* **TASK MATERIAL**:
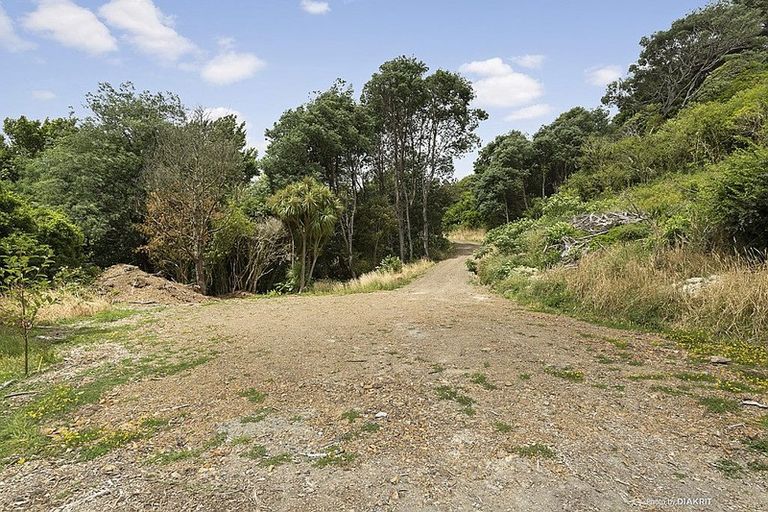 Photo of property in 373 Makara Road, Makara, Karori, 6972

==

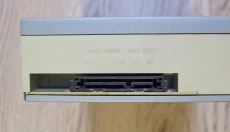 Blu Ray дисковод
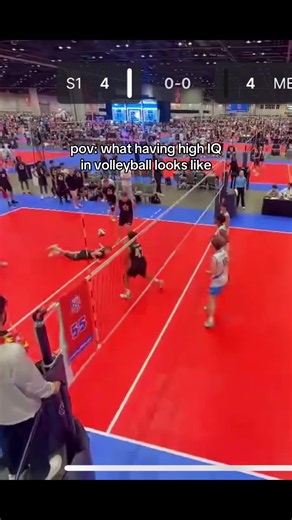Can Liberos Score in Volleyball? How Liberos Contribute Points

* **TASK OBJECTIVE**:
Within the material above, find the part that opens with the line containing "Blu Ray дисковод" and closes with the line containing "Can Liberos Score", and reproduce it exactly without the pictures.

* **ANSWER SPACE**:
 Blu Ray дисковод
Can Liberos Score in Volleyball? How Liberos Contribute Points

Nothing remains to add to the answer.